The final clinical assessment during the last follow-up (the mean: 35.8 months, the range: 25–52) revealed neutral position of the foot and normal range of motion in ten cases and recurrence of foot deformity in one case. The X-ray examination showed normalization all of radiological parameters at the last follow-up (Figs. 1 and 2). The mean AP talocalcaneal angle was 26.4°, lateral talocalcaneal angle—32.55°, AP talar-first metatarsal angle—18.64°, lateral talar-basis first metatarsal angle—13.64° and lateral tibiotalar angle—66.27°. We observed improper angular values in recurrence case at the last follow-up (Fig. 3). A retrospective analysis of this case showed incomplete correction from the beginning; the cuboid was dorsally subluxated at the anterior process of calcaneus at the early stage of treatment (Figs. 4, 5). Therefore it could be classified as residual deformity rather than recurrence of the initial deformity. A statistical analysis revealed that the examined X-ray parameters significantly improved during the last follow-up (Table 1).

Fig. 1
figure 1

Case 2 AP and L X-ray after surgery

Fig. 2
figure 2

Case 2 AP and L at last follow-up

Fig. 3
figure 3

Case 1 AP and L X-ray at last follow-up. A recurrence of foot deformity is visible

Fig. 4
figure 4

Case 1 AP and L X-ray after surgery

Fig. 5
figure 5

Case 1 AP and L X-ray 6 months after surgery

Discussion

The exact etiology of congenital vertical talus is still undiscovered. Congenital vertical talus is a rare rigid flatfoot disorder and more than half of cases are associated with teratological disorders, which could result in a poorer final outcome [3, 7]. This foot defect is often unrecognized or misdiagnosed in infants due to a spectrum of rigidity of the foot deformity. The deformity is pretty rare and it is difficult to collect a homogeneous research group consisting of more than 8–10 cases. Hence, there are hardly few reports on vertical talus in professional literature. Radiological examinations play an absolutely essential role in diagnosis of congenital vertical talus. A weight-bearing AP and a lateral view of the foot in the maximum plantar flexion. X-ray films are required to confirm the diagnosis and assess reducibility of the deformity. A lack of ossification of many bones in the foot at birth can make the diagnosis of congenital vertical talus challenging on plain radiographs.
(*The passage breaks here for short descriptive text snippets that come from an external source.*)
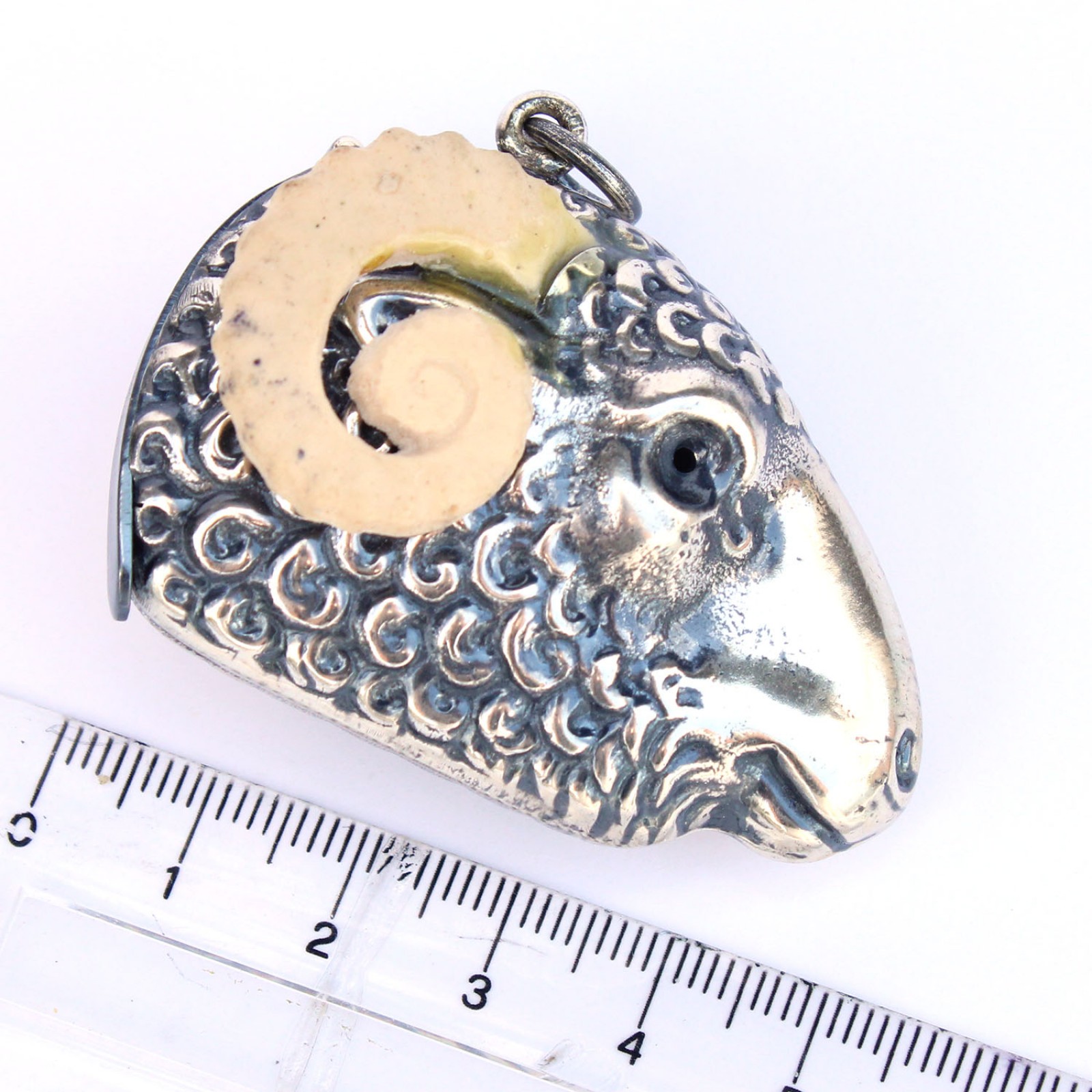 Photo of Silverplated Sheep Ram Head Vesta Match Safe Snuff Box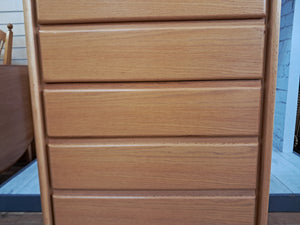 Vintage Mid Century Tallboy Chest of Drawers Solid Oak Danish Style 7 Drawers VGC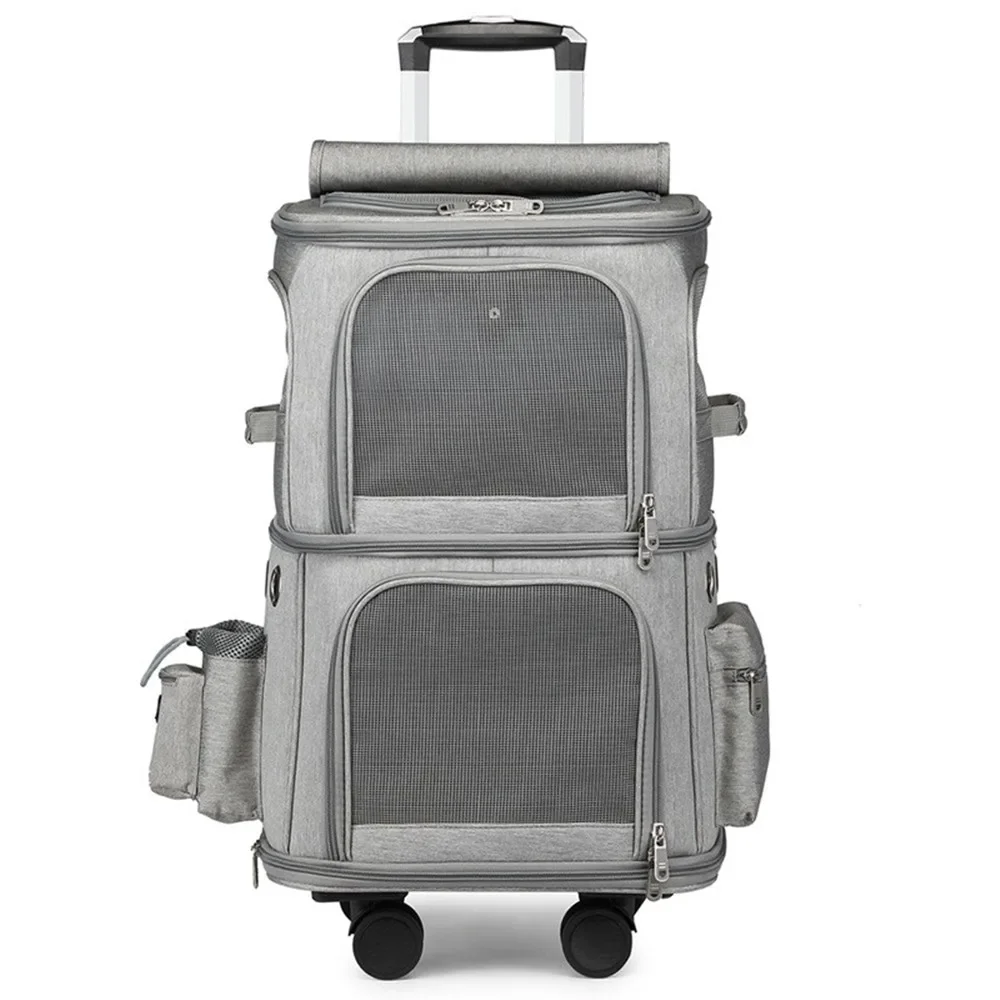 Pets Trolley Case Cat Dog Travel Bag Suitcase Luggage Collapsible 4 Wheel 2 Layer Storage Box Breathable Handbag Pet Stroller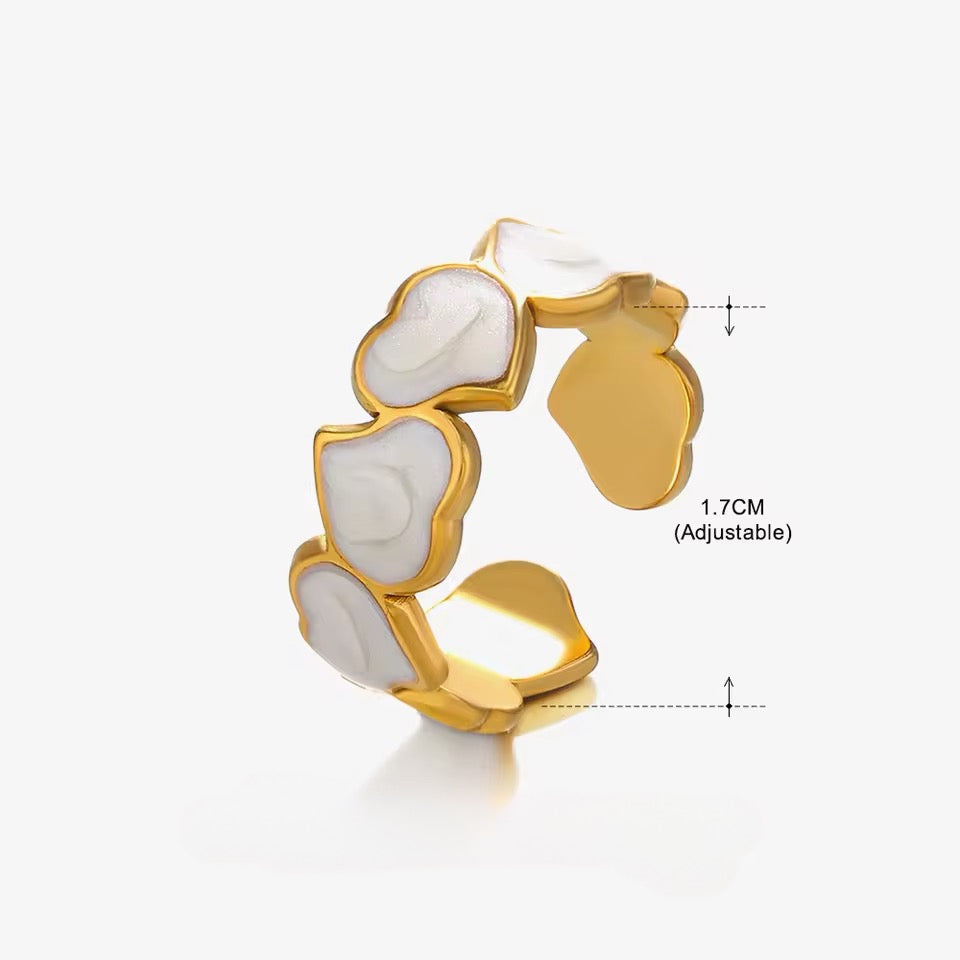 Anillo ajustable dorado corazones blancos - acero inoxidable
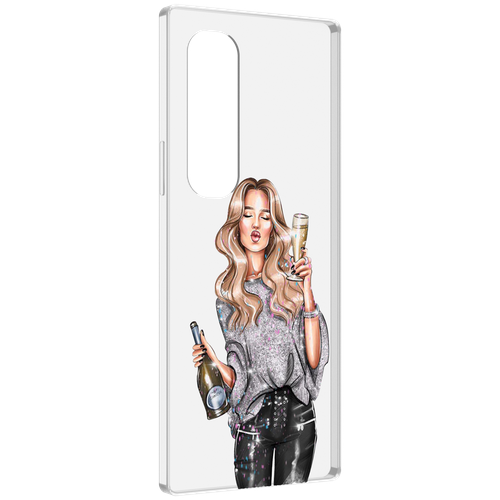 Чехол MyPads красивая-любительница-шампанского женский для Samsung Galaxy Z Fold 4 (SM-F936) задняя-панель-накладка-бампер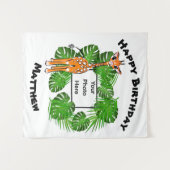 Tenture Jolie girafe Safari d'anniversaire | forêt tropica (Devant (Horizontal))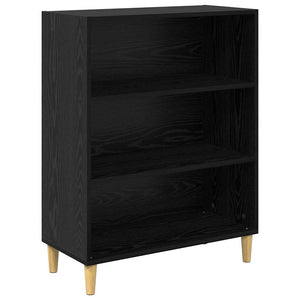 Highboard Μαύρη Οξυά 69,5 x 34 x 180 εκ. Σύνθετο Ξύλο και Γυαλί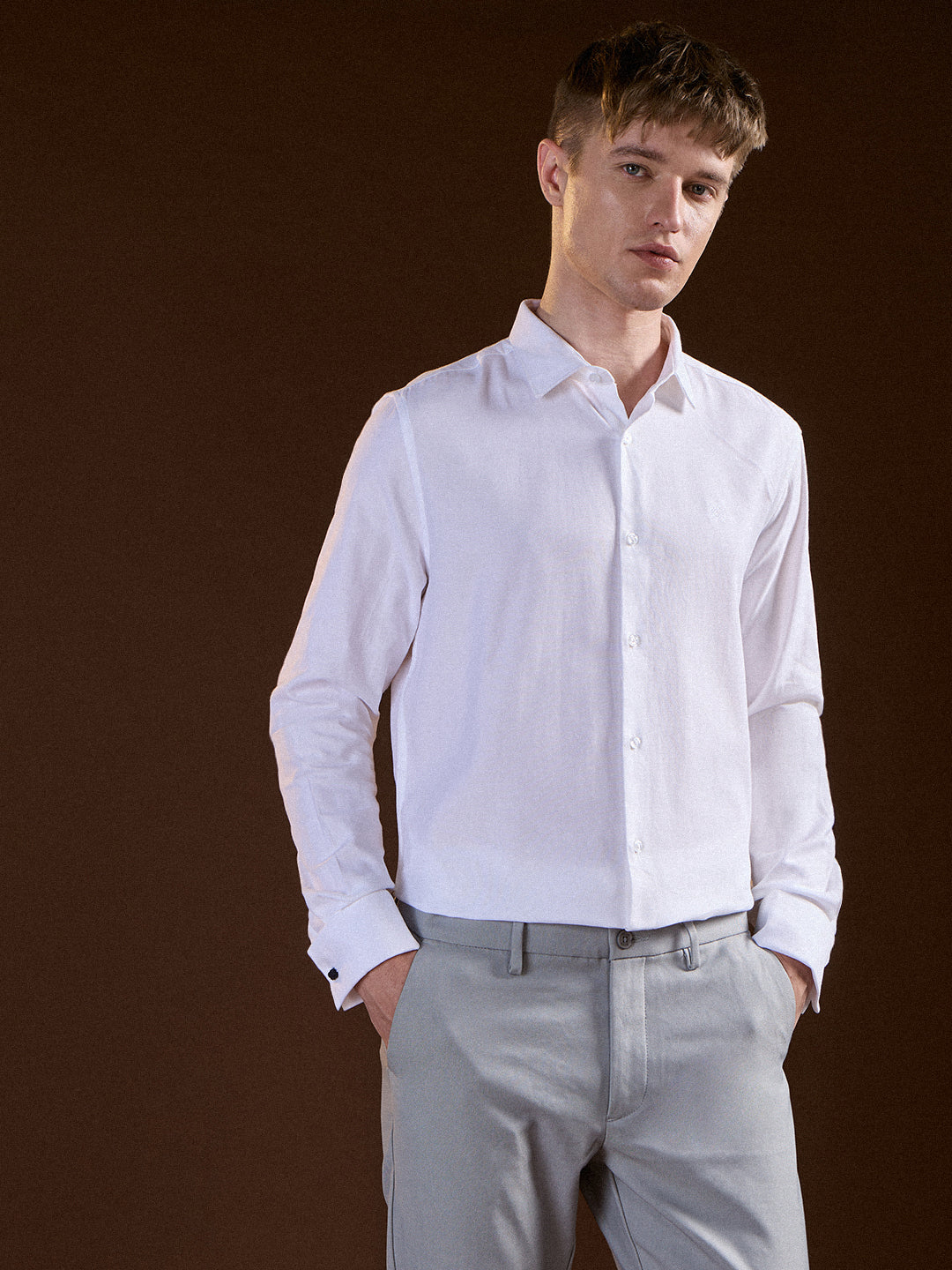 Men White Solid Pure Cotton Tailored Fit Formal Shirt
When analyzing changes in the mutual bone arrangement in the radiological examination of the foot with suspicion of congenital vertical talus from among many evaluated radiological parameters, attention should be paid to the vertical position of the talus, the cuboid on the anterior part of the calcaneus, talocalcaneal angle and angular relationship between the talus axis and the first metatarsal bone axis (TAMBA) [6, 8, 9] (Figs. 6 and 7).

Fig. 6
figure 6

Case 1 AP and L X-ray before surgery (after 5 casts)

Fig. 7
figure 7

Case 2 AP and L X-ray before surgery

The goal of treatment of congenital vertical talus is to restore the normal anatomic relationship among talus, calcaneal and navicular bones and normal cosmetic appearance and functionality of the foot. In the past, many approaches for treatment of congenital vertical talus were both conservative and surgical [5, 10,11,12,13,14,15,16]. Serial casting and manipulation treatment aiming to correct congenital vertical talus has not appeared to be highly successful. Storen and Eraltug reported, respectively, 40–63.6% recurrence of deformity of the foot after serial casting [15, 16]. Since implementation of conservative treatment alone does not seem effective, surgical treatment has become the method of choice. There is a lot of controversy regarding the number and localizations of ideal approaches which could be used to surgically correct the deformity. Besides, it is still unclear whether congenital vertical talus should be corrected during one or two stages [4, 11, 17, 18]. Walker et al. proposed a 2-stage surgery, where the first stage involves lengthening contracted dorsolateral tendons, performing dorsolateral capsulotomy and reducing the talonavicular and subtalar joint complex. The second stage consists in lengthening the Achilles and peroneal tendons and performing posterolateral capsulotomy [17]. Coleman in the second stage corrected the hindfoot and the tibialis posterior tendon was advanced to the plantar aspect of the navicular [4]. The one-stage surgical approach was simply a combination of two stages [5, 11, 14, 18,19,20]. The surgery involved large soft tissue releases and K-wire fixation. Patients often need several intensive surgeries, such as subtalar or triple arthrodesis, in their future life. A surgery could result in some complication like wound necrosis, talar necrosis, joint stiffness and recurrence. Dobbs introduced a new approach for treatment of idiopathic congenital vertical talus in 2006. The idea includes serial manipulation and casting with the so-called reversed Ponseti technique, followed by percutaneous pinning of the talonavicular joint by using K-wire and performing percutaneous tenotomy of the Achilles tendon for the posterior contracture. For incomplete reduction in the talonavicular joint after casting he recommended an open reduction and K-wire fixation via mini incision [1].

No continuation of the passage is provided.